Saturday, January 11, 2014

Terror tactics against protesters leading to serious bloodshed

I have blogged previously about the concerted campaign of terror implemented against peaceful protesters and members of the opposition. In the last few months dozens and dozens of activists and journalists have been beaten up, opposition party Batkivshchyna headquarters raided and computer servers removed with no explanation, and hundreds of protesters have been systematically harassed and persecuted.

The probability of escalation is high, and Ukraine is facing the greatest crisis in its short history.

Even today, Friday about a dozen protesters and a couple of journalists, including well-known Lb.ua photographer Maks Levin, were seriously beaten by 'Berkut' outside the Kyiv-Svyatoshynsk regional courthouse where 'Svoboda' activists had been given lengthy sentences on allegedly trumped up charges of 'terrorism' [plotting to blow up a statue of Lenin in Borispil] . The trouble is continuing as I write....report that opposition leader and former interior minister Yuriy Lutsenko has been seriously injured...his wife Iryna, a parliamentary deputy may also have been injured...



It's getting very ugly...I fear many more will be injured in the clashes....

Serhiy Vysotsky, a serious commentator not known for sensationalism, explains in Liga.net  how little time remains before matters spin out of control.

I've loosely translated some portions:

Terror tactics applied against participants will lead to serious bloodshed

Criminal pressure on activists of mass protests in conjunction with the tactic of ignoring the EuroMaidan will lead to unpredictable consequences for Ukraine

Repression against protesters has unfolded rapidly throughout Ukraine. People are being beaten, their driver's licences are being taken away from them [participants of AvtoMaidan protests in particular], and criminal cases opened against them. Protesters' property is being damaged and they are being threatened with lay-offs. The authorities' tactics are clear: having ignored the Maidan, they are trying to isolate its co-ordinators and leaders with the aim of neutralising them.

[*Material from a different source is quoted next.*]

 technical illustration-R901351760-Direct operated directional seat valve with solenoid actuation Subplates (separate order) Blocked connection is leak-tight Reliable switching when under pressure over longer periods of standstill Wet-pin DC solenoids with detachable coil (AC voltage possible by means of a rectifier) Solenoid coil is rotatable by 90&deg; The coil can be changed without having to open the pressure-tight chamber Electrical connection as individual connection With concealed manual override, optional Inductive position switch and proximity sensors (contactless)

Vysotsky claims up to four million people have in some way participated in the current protest actions. He continues: The peculiarity of the situation is that official repressive forces have been bolstered by openly criminal forces. Even the 'sylovyky' are now employing gangster-like methods of intimidation.

It is already clear that the use of the police and the Security Services will not be able to stop or restrain protest.

The EuroMaidan, which has now stood for fifty days, will not disperse itself.

Massive criminal terror could potentially be employed, but in order to stifle protest, terror in Ukraine would have to be on an "African" scale - thousands of thugs armed with machetes used to scatter crowds.

But Ukrainian society, fortunately, is not criminalised to that extent. Defenders of the EuroMaidan have had time to organise and would provide stern resistance to any attack. If, heaven forbid, anyone is killed, then the situation will begin to develop unpredictably. [Three persons are still missing after the sadistic clearance of EvroMaidan on the night of 29/30th November last year by 'Berkut' forces..there is serious concern that may have been killed on that night.. LEvko]

Organisers of self-defense could potentially generate a wave of counter-terror possibly against the residences of Ukraine's current leaders. Any such radicalisation would lead to serious casualties on all sides.

Vysotsky concludes the only way to prevent such escalation is to abandon the practice of employing criminal elements against activists immediately, and quickly move to the purely political methods of settlement of the dispute.

Parliament returns to work on January 14 and should make crisis resolution a priority. Any delay significantly reduces the likelihood of a political solution to the crisis.